To do >> Could you give again exactly, and only, the lines from the one holding "Rustic Floral Print, Vintage" through the end of the data, both ends included, with pictures left out?

Data section >>
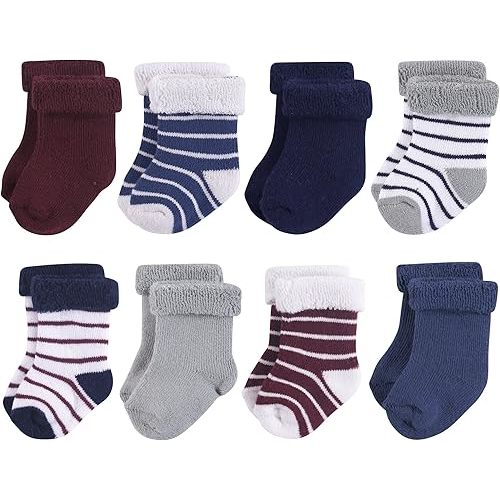 Hudson Baby Baby Girls' Cotton Rich Newborn and Terry Socks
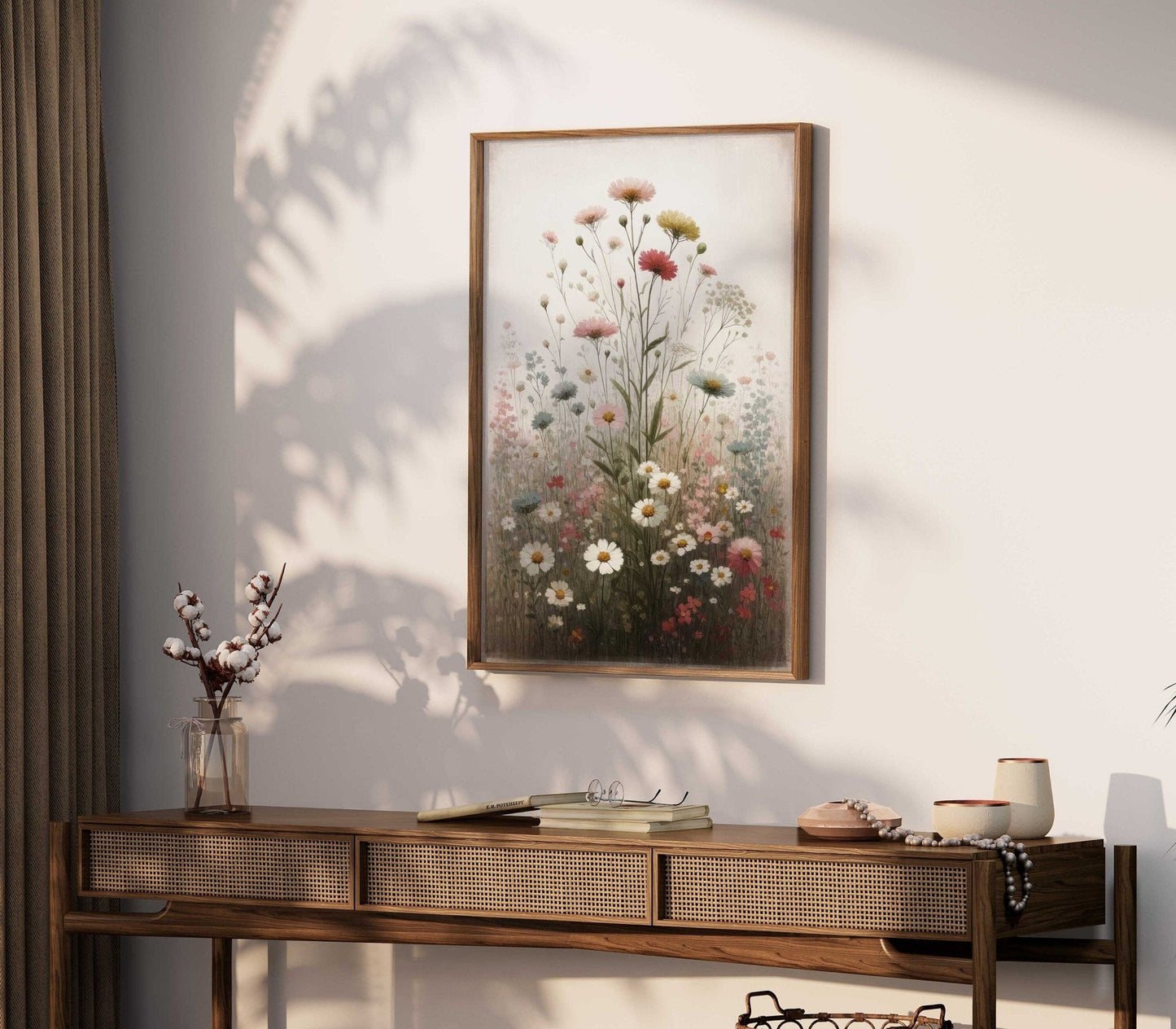 Rustic Floral Print, Vintage Flower Wall Decor, Wildflower Art - WildfieldPrints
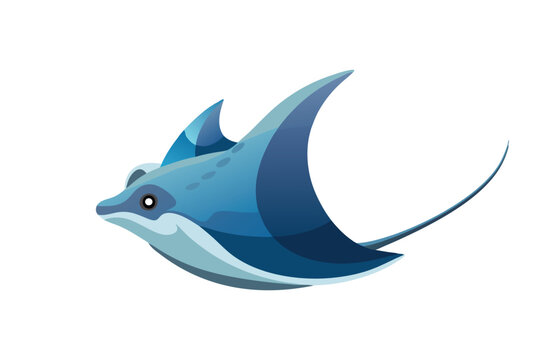 recommend clip art: Cownose Stingray Under water animal flat vector illustration on white background.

Solution to this problem >>
 Rustic Floral Print, Vintage Flower Wall Decor, Wildflower Art - WildfieldPrints
 recommend clip art: Cownose Stingray Under water animal flat vector illustration on white background.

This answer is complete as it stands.